New York City settled a lawsuit brought against its infamous Rikers Island facility on Monday, just over a month after Mayor Bill de Blaisio vowed to close the notorious jail.
The settlement awarded an undisclosed amount of money to two women who claim they were repeatedly raped by a guard. The duo, both of whom were inmates at Rikers Island, filed a suit in May of 2015, accusing New York of ignoring a “pervasive culture” of sexual abuse and exploitation. The plaintiffs held the city accountable for failing to respond to warnings and an untold number of complaints.

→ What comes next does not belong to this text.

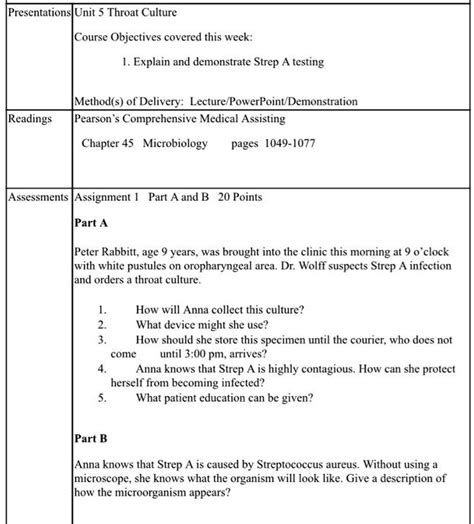 Solved Presentations Unit Throat Culture Course Objectives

Originally proposed as a class action, U.S. District Judge Alvin Hellerstein ruled in January 2016 that the case could only move forward with their claims individually. Reuters notes the plaintiffs were not identified in court documents but were referred to only as Jane Doe 1 and Jane Doe 2.

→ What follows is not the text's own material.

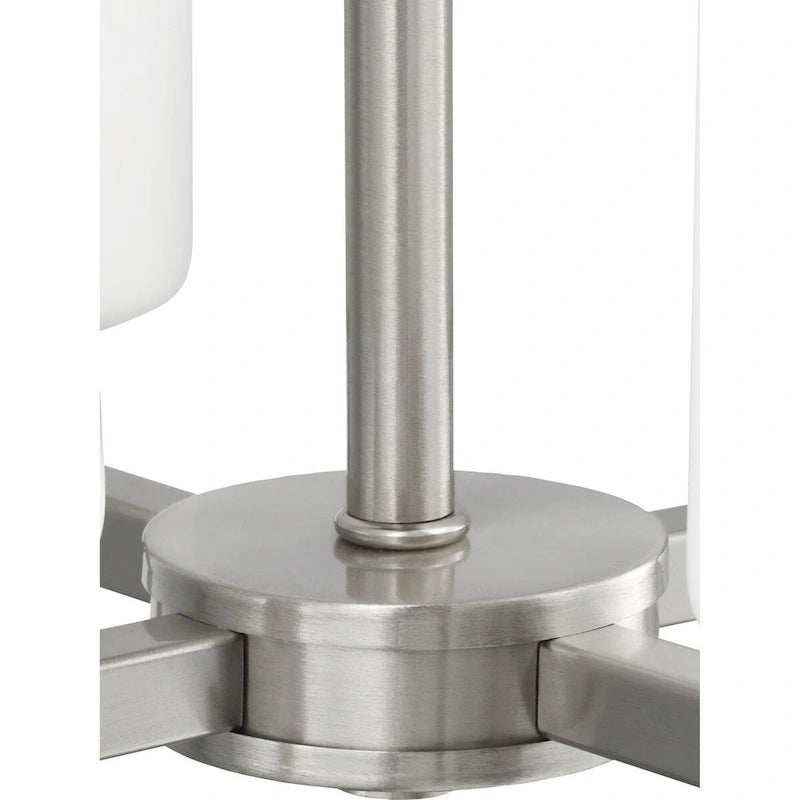 Applique murale contemporaine à quatre lumières Vertex Collection en nickel brossé - 38 cm x 38 cm x 71 cm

Rikers Island’s as a whole has come under intense scrutiny over the course of the past several years. Mayor Bill de Blaisio announced in March 2017 that he’d back a plan to close the jail within a decade. New York’s leadership is hoping the facility, which consists of low-lying buildings on an island just north of LaGuardia Airport, can be replaced by dozens of smaller, borough-based lock-ups.
“This is a very serious, sober, forever decision,” said de Blaisio in March. The mayor has long been a proponent of ridding the city of Rikers Island.
“Once you’re off, you’re off,” he said, suggesting any measure against Rikers which passes will not be reversed.
The mayor and other New York City politicians and council members explain the decision as practical and necessary. While the Five Boroughs have long been associated with organized crime and murder in the American popular imagination, crime rates have fallen considerably since the early 1990s.
Today, New York has the lowest all-around crime rate of any large city in the United States. Homicide rates across the metropolis, once among the worst in the nation, now pale when compared to urban centers like Chicago, Detroit, and St. Louis.
De Blaisio and his advisers believe the drop in overall crime, which includes robbery, larceny, and other assorted offenses besides homicide, means the city can do without Rikers for the foreseeable future.
He even went so far as to say the closure of the island’s correctional facility would be a victory for “human dignity.”
Numerous lawsuits and controversies have cropped up in connection to Rikers Island over the years. In July 2015 alone, there were 21 gang-related slashings as well as a single stabbing. The harsh conditions imposed upon inmates, including frequent lockdowns and pervasive corruption among correctional officers, has finally culminated in what might just turn out to be the closure of a blemish on the face of New York.